My dear, dear friends! I love you so much. I do want the very best for you. You make me feel such joy, fill me with such pride. Don’t waver. Stay on track, steady in God.

I urge Euodia and Syntyche to iron out their differences and make up. God doesn’t want his children holding grudges.

And, oh, yes, Syzygus, since you’re right there to help them work things out, do your best with them. These women worked for the Message hand in hand with Clement and me, and with the other veterans—worked as hard as any of us. Remember, their names are also in the Book of Life.

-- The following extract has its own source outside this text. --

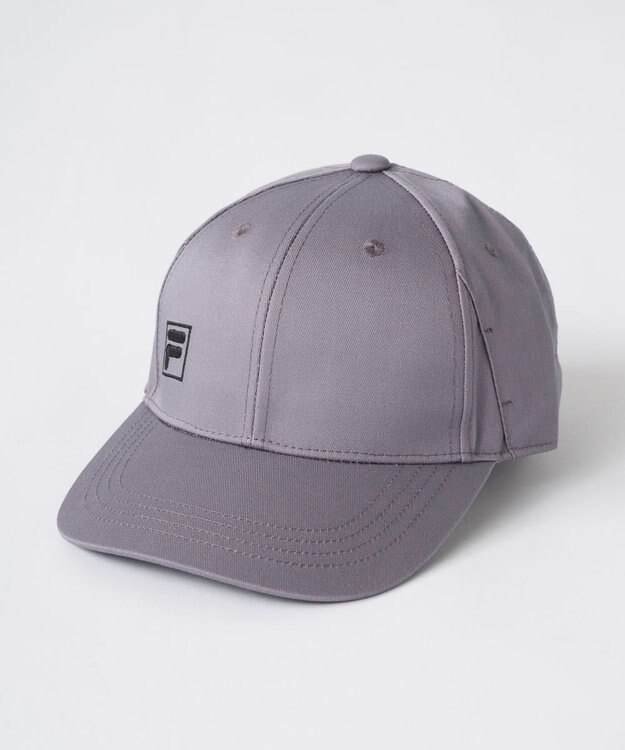 FILA GOLF／marie claire 【FILA GOLF】ベンチレーション付キャップ グレー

Celebrate God all day, every day. I mean, revel in him! Make it as clear as you can to all you meet that you’re on their side, working with them and not against them. Help them see that the Master is about to arrive. He could show up any minute!

Don’t fret or worry. Instead of worrying, pray. Let petitions and praises shape your worries into prayers, letting God know your concerns. Before you know it, a sense of God’s wholeness, everything coming together for good, will come and settle you down. It’s wonderful what happens when Christ displaces worry at the center of your life.

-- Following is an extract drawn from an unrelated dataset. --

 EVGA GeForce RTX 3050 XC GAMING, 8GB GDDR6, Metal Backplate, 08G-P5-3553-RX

Summing it all up, friends, I’d say you’ll do best by filling your minds and meditating on things true, noble, reputable, authentic, compelling, gracious—the best, not the worst; the beautiful, not the ugly; things to praise, not things to curse. Put into practice what you learned from me, what you heard and saw and realized. Do that, and God, who makes everything work together, will work you into his most excellent harmonies.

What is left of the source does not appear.